Comment avez-vous commencé à faire des ex-voto ?

— Enfant j’étais très proche de mon grand-père marin pêcheur. Il faisait la langouste dans le Raz de Sein. Avant d’avoir une jambe de bois, il était dans l’équipage du canot de sauvetage. Il ne parlait jamais. Je montre peut-être dans mes boîtes tout ce qu’il ne racontait pas. Il y a 25 ans j’ai choisi de revenir à Audierne, dans le Finistère, là où il vivait. Je voulais vivre et travailler sans dépendance.

Quels matériaux utilisez-vous ?

— Du bois, du coton, du tissu, du papier. Les mêmes matériaux avec lesquels on faisait autrefois les bateaux en bouteille.

Votre travail est très minutieux, combien de temps cela prend de créer une pièce ?

— Le temps n’a pas d’importance. Seule compte la fidélité à ce qui nous traverse. Il y a des choses qui doivent être dites.

Quelle place tiennent dans votre travail les voyages que vous faites pour découvrir de nouvelles cultures maritimes ?

— Oui il y a les voyages, la vie en mer, les longues heures sur les rivages. Mais ma vie, c’est travailler dans l’atelier. Ici tout coule de source. Je ne cherche pas l’inspiration, je l’ai. Je sais ce que j’ai à faire.
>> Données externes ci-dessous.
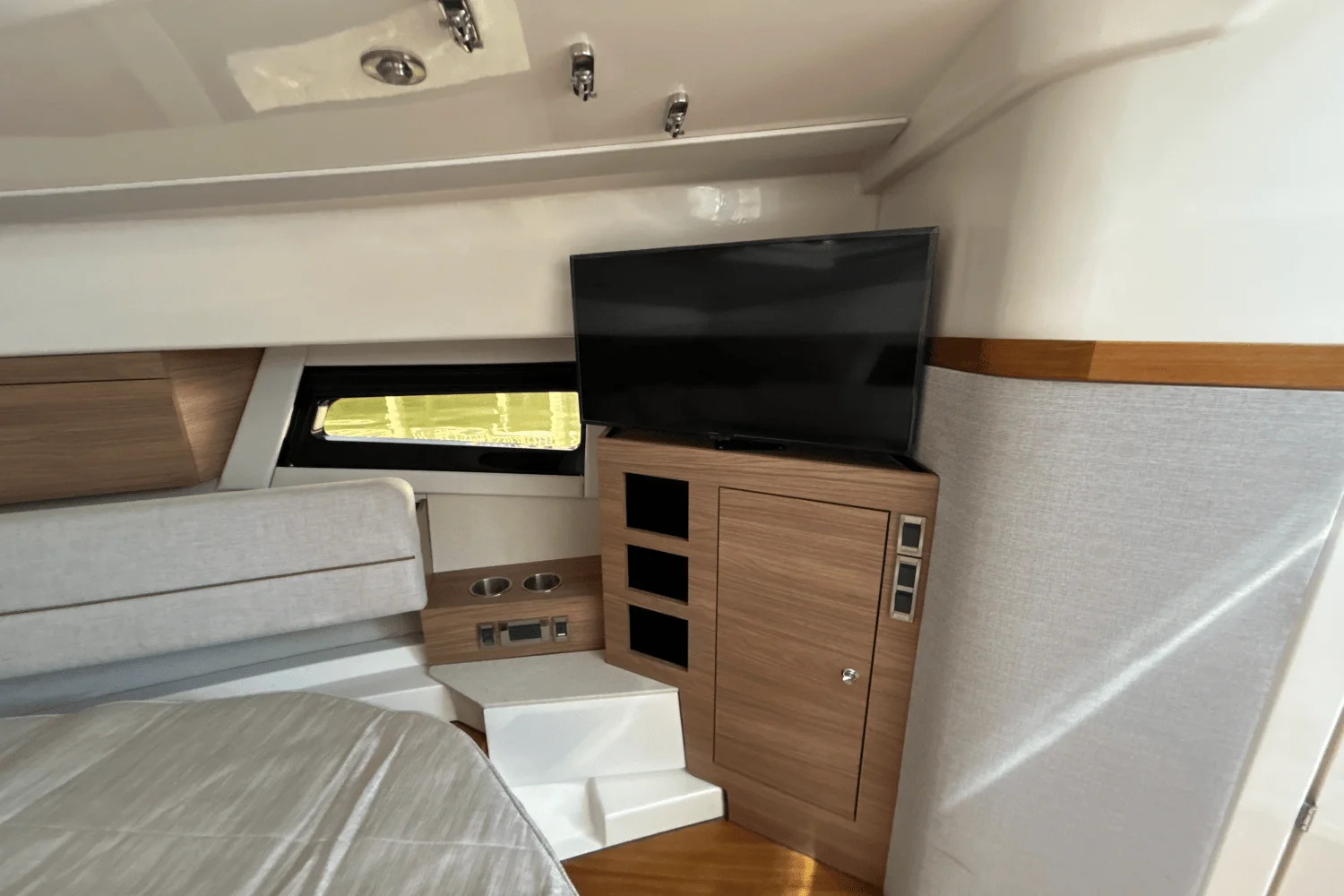 2025 Boston Whaler 365 Conquest Image Thumbnail #55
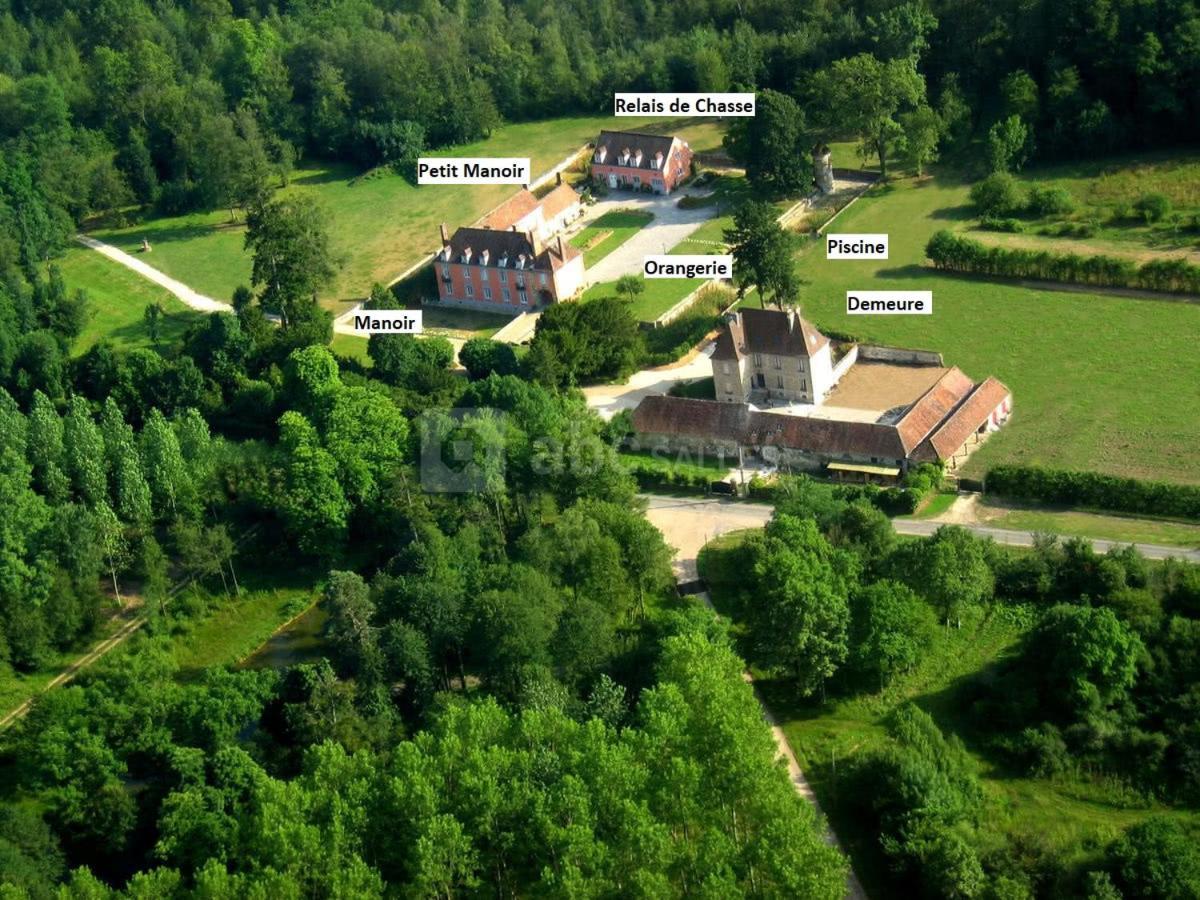 Le Manoir De Villefermoy Les Ecrennes Екстериор снимка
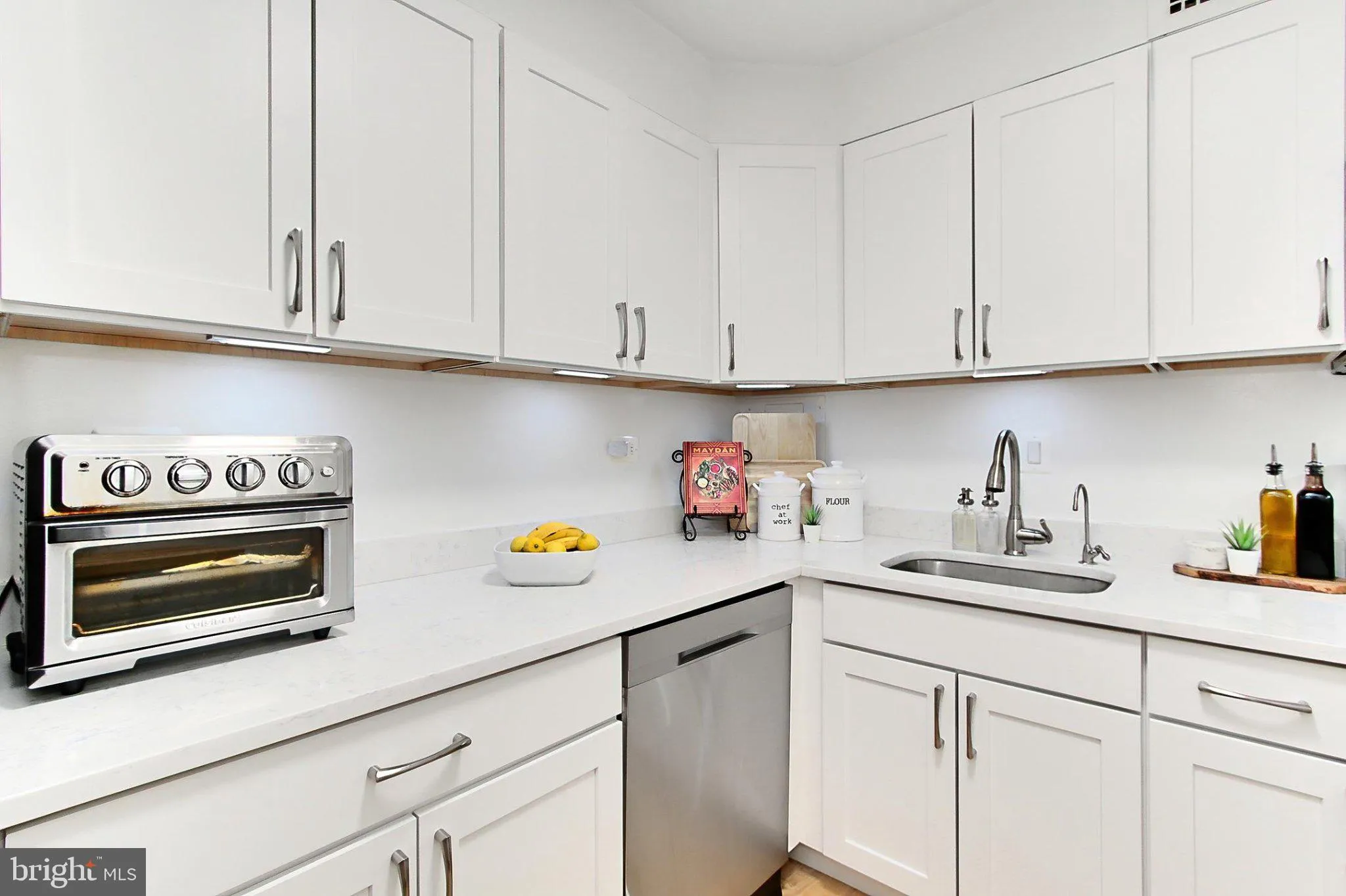 700 7TH STREET, Washington, DC 20024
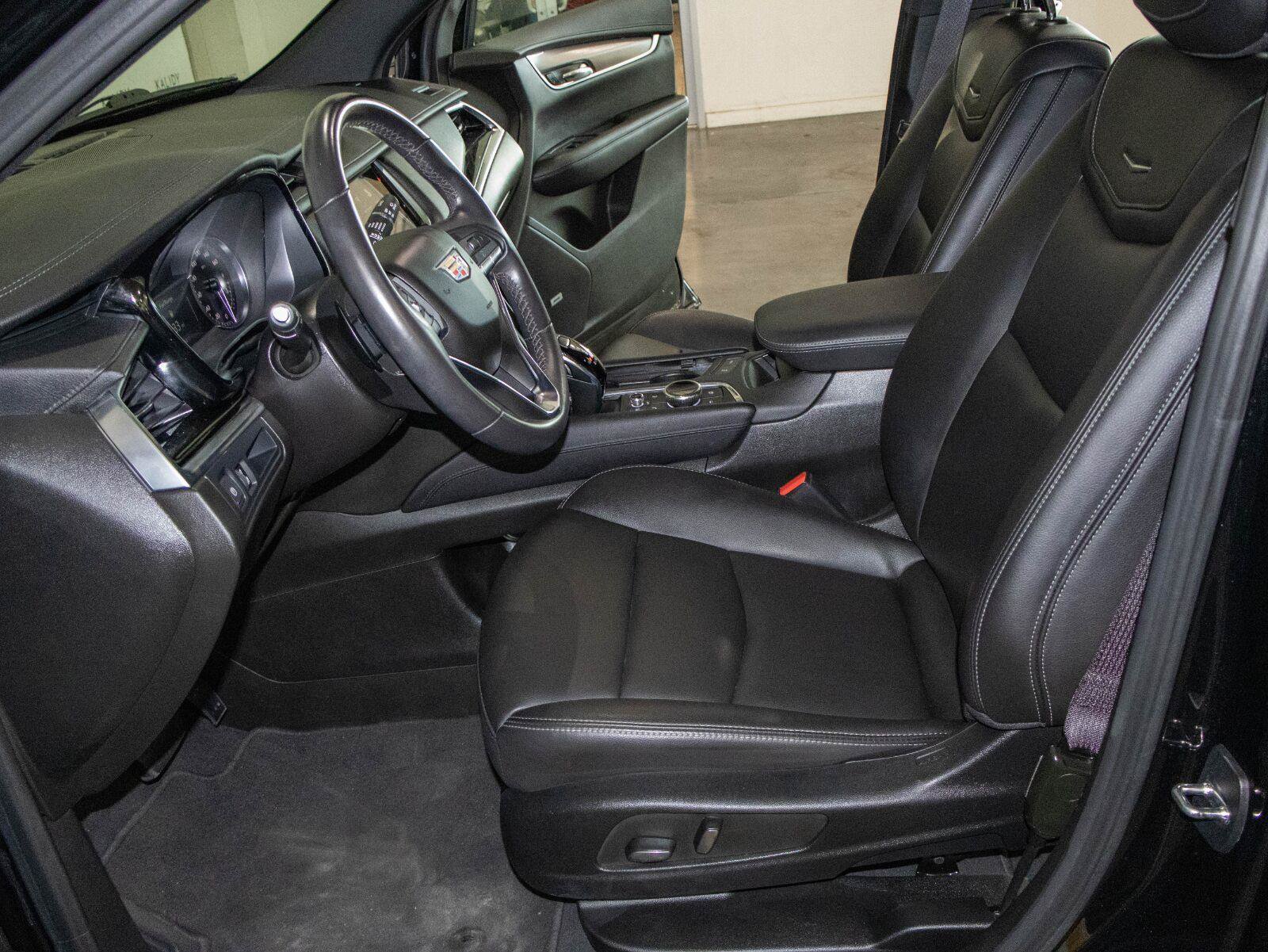 Used 2023 Cadillac XT6 Luxury FWD image 7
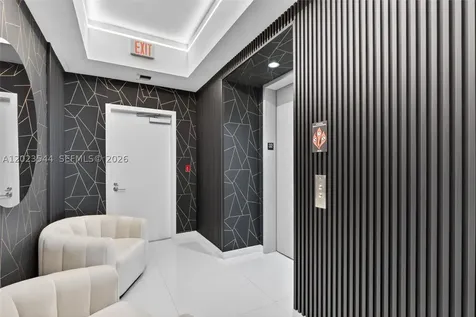 851 NE 1st Avenue Miami FL 33132
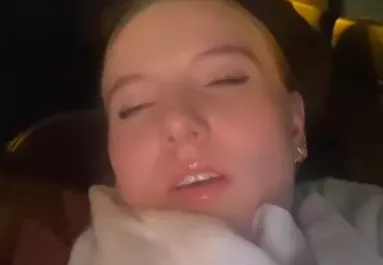 Elaludt a lány az autóban: amit a barátja tett, azon csak ő nem nevet - Videó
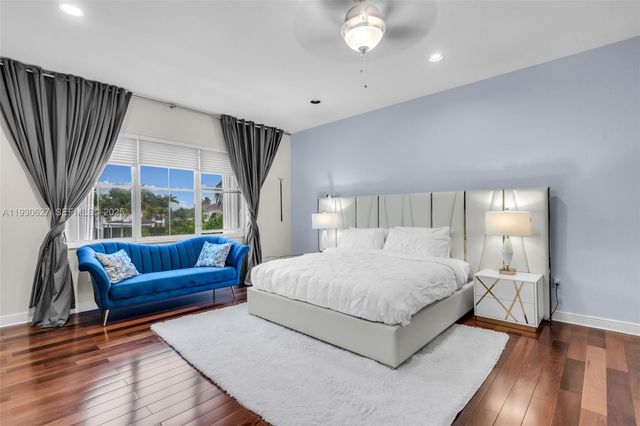 1091 Waterside Ln, Hollywood, FL 33019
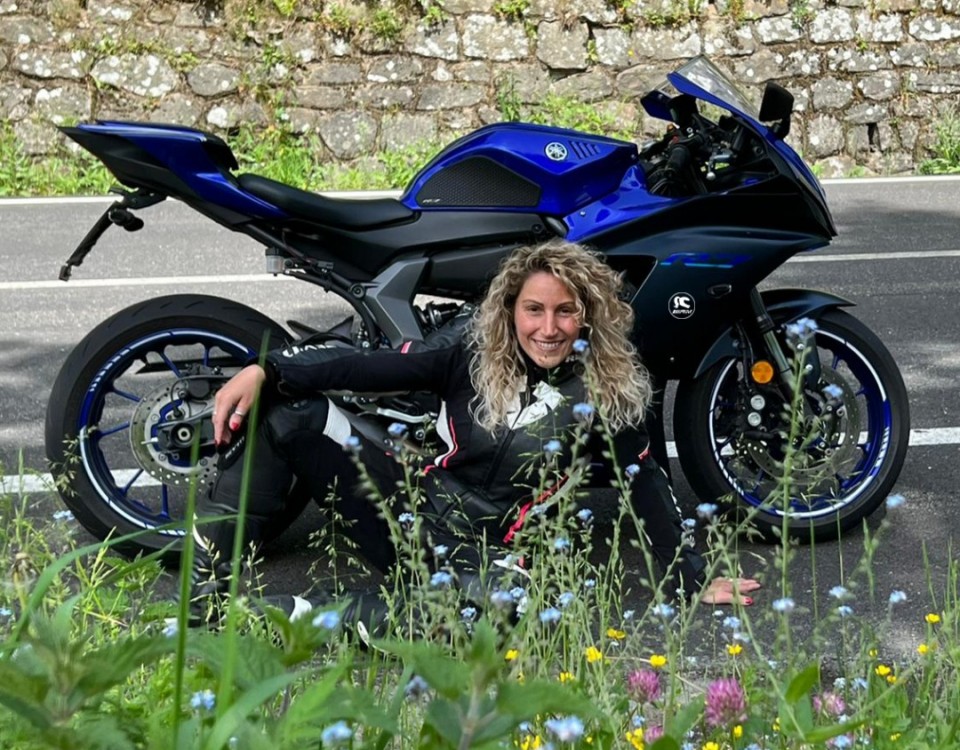 sara_ragazze_in_moto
Ca n’a rien à voir avec le bonheur, mais il y a quelque chose de l’harmonie.

Dans vos boîtes les plus oniriques, la vie et la mort se côtoient…

— Les gens de mer vivent avec le danger.

Le travail des gens de mer fut et demeure une lutte âpre et quotidienne. L’homme, parce qu’il s’enfonçait dans le noir de l’abîme, touchait en même temps aux portes du ciel. Parfois dans une vie, par delà le tumulte, le ciel soudain s’éclaircit, balayé par un vent puissant.
Plus rien n’existe alors que le bonheur intense d’être en mer, de retenir son souffle à l’instant du lancement d’un bateau investi d’espoirs, être dans la paix d’un mouillage sûr, en attendant la renverse, élever la main dans le vent vers le goéland qui vous accompagne.
Instants fugaces, qui transforment l’éphémère en éternel. Flux et reflux, alternance perpétuelle de la vie et de la mort. Avec le temps, ne plus retenir de la vie que sa dimension poétique.
Garder vivants les récits de ceux dont la vie est liée à la mer. Ceux dont elle est le milieu, le destin, la fatalité. La mer est d’une présence inexorable.
Que leurs récits deviennent pure liturgie, fervente et grave, et disent quelque chose du mystère d’être.

Anne-Emmanuelle Marpeau.
catalogue d’exposition « Such is a sailor’s fortune », Dowling-Walsh gallery, Rockland, Maine, 2010.